### WORK TO BE COMPLETED
The answer should consist solely of the lines from the first one below through the line containing "Molluscum contagiosum MC. photo", copied exactly.

[Opening SUPPLIED DATA section]

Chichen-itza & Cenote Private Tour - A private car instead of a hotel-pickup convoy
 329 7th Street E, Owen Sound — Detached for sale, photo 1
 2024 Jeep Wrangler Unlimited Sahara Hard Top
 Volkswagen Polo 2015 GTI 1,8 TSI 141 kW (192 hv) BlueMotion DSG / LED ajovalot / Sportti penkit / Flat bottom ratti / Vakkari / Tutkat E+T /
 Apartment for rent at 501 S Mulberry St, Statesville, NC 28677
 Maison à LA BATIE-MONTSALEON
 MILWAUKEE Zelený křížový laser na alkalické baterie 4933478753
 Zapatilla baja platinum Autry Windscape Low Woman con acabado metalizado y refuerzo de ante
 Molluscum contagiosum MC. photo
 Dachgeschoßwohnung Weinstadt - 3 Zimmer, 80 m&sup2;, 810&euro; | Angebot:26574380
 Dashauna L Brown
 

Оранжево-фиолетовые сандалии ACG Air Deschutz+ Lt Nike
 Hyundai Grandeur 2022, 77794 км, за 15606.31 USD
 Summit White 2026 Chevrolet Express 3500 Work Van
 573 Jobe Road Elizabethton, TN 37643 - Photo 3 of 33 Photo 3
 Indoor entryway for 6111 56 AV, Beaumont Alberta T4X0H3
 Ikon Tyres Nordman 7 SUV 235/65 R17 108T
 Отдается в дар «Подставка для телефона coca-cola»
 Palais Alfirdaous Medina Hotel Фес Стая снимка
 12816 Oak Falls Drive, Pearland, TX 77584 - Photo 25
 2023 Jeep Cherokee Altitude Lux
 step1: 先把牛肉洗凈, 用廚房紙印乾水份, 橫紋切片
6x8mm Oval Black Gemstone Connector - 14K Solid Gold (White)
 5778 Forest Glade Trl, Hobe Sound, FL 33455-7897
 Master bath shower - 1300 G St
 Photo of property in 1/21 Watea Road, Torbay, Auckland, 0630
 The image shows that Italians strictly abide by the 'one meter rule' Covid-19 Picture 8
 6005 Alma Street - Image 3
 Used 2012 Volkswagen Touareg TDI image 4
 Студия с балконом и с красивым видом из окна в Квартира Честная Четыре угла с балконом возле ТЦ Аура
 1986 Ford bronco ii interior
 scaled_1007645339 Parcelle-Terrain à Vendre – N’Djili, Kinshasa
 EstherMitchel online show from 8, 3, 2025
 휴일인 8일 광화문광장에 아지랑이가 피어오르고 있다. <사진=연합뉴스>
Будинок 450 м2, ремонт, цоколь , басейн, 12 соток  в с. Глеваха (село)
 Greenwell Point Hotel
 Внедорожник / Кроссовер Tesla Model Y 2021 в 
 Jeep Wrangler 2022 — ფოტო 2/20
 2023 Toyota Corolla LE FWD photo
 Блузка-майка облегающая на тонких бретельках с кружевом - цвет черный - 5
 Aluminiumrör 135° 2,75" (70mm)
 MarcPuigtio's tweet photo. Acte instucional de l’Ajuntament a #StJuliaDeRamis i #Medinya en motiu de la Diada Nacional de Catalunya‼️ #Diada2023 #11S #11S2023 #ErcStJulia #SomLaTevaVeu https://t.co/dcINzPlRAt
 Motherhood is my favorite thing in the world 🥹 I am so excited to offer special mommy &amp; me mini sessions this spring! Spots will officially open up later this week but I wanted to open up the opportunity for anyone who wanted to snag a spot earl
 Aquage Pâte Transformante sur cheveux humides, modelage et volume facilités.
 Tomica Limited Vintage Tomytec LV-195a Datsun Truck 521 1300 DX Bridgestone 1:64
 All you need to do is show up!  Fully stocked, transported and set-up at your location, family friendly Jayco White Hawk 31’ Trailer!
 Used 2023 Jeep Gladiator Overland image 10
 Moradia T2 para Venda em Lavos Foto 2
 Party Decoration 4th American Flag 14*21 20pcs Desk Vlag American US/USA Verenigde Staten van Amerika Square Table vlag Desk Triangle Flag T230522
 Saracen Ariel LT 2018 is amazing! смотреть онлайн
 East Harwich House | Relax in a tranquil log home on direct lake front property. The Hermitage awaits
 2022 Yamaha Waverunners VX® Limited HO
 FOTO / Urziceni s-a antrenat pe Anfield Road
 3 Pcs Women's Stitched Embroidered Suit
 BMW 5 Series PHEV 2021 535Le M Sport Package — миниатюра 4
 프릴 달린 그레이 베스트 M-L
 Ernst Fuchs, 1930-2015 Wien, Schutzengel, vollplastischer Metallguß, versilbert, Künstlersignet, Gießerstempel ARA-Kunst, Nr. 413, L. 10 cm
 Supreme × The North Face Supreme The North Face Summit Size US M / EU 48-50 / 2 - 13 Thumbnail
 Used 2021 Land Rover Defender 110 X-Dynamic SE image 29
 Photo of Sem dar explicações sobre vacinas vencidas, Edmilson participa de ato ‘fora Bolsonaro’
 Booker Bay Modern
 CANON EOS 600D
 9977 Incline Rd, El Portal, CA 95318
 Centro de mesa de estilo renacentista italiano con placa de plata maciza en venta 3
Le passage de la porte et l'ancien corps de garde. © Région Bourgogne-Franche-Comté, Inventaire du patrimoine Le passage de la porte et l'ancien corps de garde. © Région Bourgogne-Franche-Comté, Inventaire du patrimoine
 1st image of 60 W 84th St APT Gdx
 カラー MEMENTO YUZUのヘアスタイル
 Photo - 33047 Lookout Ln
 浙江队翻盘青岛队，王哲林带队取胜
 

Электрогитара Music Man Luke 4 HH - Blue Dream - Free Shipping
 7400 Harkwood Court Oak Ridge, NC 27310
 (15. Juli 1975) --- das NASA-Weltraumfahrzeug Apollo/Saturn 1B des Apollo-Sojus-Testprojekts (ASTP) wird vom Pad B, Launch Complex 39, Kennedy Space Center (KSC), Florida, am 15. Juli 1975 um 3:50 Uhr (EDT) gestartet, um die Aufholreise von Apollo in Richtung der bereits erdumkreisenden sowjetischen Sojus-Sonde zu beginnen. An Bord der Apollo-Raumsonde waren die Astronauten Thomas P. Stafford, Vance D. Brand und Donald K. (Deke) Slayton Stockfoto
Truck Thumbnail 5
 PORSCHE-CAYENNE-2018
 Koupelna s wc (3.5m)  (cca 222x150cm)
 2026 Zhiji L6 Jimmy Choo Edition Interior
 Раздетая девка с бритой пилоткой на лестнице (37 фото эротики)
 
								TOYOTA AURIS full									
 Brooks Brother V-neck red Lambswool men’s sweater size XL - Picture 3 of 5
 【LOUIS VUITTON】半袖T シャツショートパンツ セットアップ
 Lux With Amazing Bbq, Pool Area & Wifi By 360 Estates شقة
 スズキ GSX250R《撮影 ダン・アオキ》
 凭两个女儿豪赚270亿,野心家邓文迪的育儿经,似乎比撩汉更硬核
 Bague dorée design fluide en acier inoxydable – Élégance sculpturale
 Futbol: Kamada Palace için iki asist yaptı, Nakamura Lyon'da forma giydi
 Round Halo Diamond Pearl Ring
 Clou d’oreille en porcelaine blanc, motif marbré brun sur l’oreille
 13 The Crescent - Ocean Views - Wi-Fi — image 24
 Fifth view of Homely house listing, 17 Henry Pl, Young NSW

[Closing SUPPLIED DATA section]

### RESPONSE BELOW
Chichen-itza & Cenote Private Tour - A private car instead of a hotel-pickup convoy
 329 7th Street E, Owen Sound — Detached for sale, photo 1
 2024 Jeep Wrangler Unlimited Sahara Hard Top
 Volkswagen Polo 2015 GTI 1,8 TSI 141 kW (192 hv) BlueMotion DSG / LED ajovalot / Sportti penkit / Flat bottom ratti / Vakkari / Tutkat E+T /
 Apartment for rent at 501 S Mulberry St, Statesville, NC 28677
 Maison à LA BATIE-MONTSALEON
 MILWAUKEE Zelený křížový laser na alkalické baterie 4933478753
 Zapatilla baja platinum Autry Windscape Low Woman con acabado metalizado y refuerzo de ante
 Molluscum contagiosum MC. photo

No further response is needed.